The fact that resource-poor nations are being dragged into court battles to repeatedly defend rights and title, adding a further drain to their resources, is a sore point for Sophie Pierre, chief commissioner of the BC Treaty Commission and the former longtime chief of the St. Mary’s Indian Band near Cranbrook.
As a nod to the increasing economic importance and influence of First Nations, the Vancouver Island Economic Alliance (VIEA) invited Pierre to be the keynote speaker at the 2014 Vancouver Island Economic Summit. Then, as it still is, the treaty process was under pressure. Pierre is sharp and energetic, and bristles with both enthusiasm for the future of indigenous people in the province and also with frustration over the roadblocks and prejudices that still stand in the way.
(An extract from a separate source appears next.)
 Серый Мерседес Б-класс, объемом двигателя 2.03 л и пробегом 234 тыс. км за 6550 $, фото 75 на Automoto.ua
Since the treaty commission was launched in 1992, just the Maa-Nulth Treaty Society and Tsawwassen nation have implemented treaties (the 1996 Nisga’a treaty was negotiated outside of the treaty commission process,) even though more than half of B.C.’s bands are engaged in the process.
Consultants and lawyers are doing well, but not many treaties are getting signed. Bureaucratic inertia is partly to blame, according to Pierre. For example, the Sliammon First Nation treaty has bounced around Ottawa for three years waiting for royal assent. Last summer’s seminal Tsilqhot’in decision has prompted some bands, like the T’Sou-ke Nation, to hit the pause button and ask whether treaty is the best away to achieve Aboriginal rights and title aspirations, further undermining the already faltering treaty process. Yet Pierre believes firmly that treaty is still the best way for a nation to position itself for future self-sufficiency and prosperity.
“There’s always the expectation that things will happen quicker than they do after treaty but capacity building takes time,” Pierre says. “Imagine if you’re wanting to do a run-of-river project, for example. You need to have rules and regulations; you can’t have nothing, no structures in place.”
That’s Pierre’s message for First Nations wavering on the treaty process. For the non-Aboriginal community wanting to engage with the First Nations in a business relationship, she has another message. Take the time to understand the unique governance and leadership paradigm, which often involves a blend of traditional hereditary and elected leadership, that make First Nations unique.
Pierre also urges people not to fall into stereotypical prejudicial views. She brings up the case of Kwikwetlem First Nation chief Ron Giesbrecht, who was recently accused of pocketing an $800,000 bonus for economic development projects, and whose band has been fingered by critics as an example of another unaccountable First Nation government that’s a breeding ground for corruption. In late October, news surfaced about two Squamish Nation members and employees who were fired for inappropriately disbursing more than $1 million in band funds. Still, Pierre is in a fighting mood, and says too often media and the general public focus on the negative rather than the positive steps First Nations are taking.
“Why isn’t every white mayor tarred with a Rob Ford comparison?” she asks.
There’s no doubt, Pierre is an able champion for First Nations in B.C. Her people have come a long way since the dark days of no hope, but they still have much ground to gain. As for the largely non-Aboriginal corporate world, it will have to become accustomed to a new mode of doing business, of looking at projects through a 100-year lens that factors in the economic and cultural interests of Aboriginals and not just the interests of quarterly shareholder reports.
“In my mind, we’re not there yet in terms of economic development but we want to be players in the economy,” says Huu-ay-aht chief councillor Jeff Cook, “and we will be players.”
Carpenter and carver Johnathon Ryce ­ — who worked with his uncle Rick Underwood, the foreman on the installation of the T’Sou-ke Nation’s solar panel project — walks among the banks of solar panels on top of a building on the reserve in Sooke.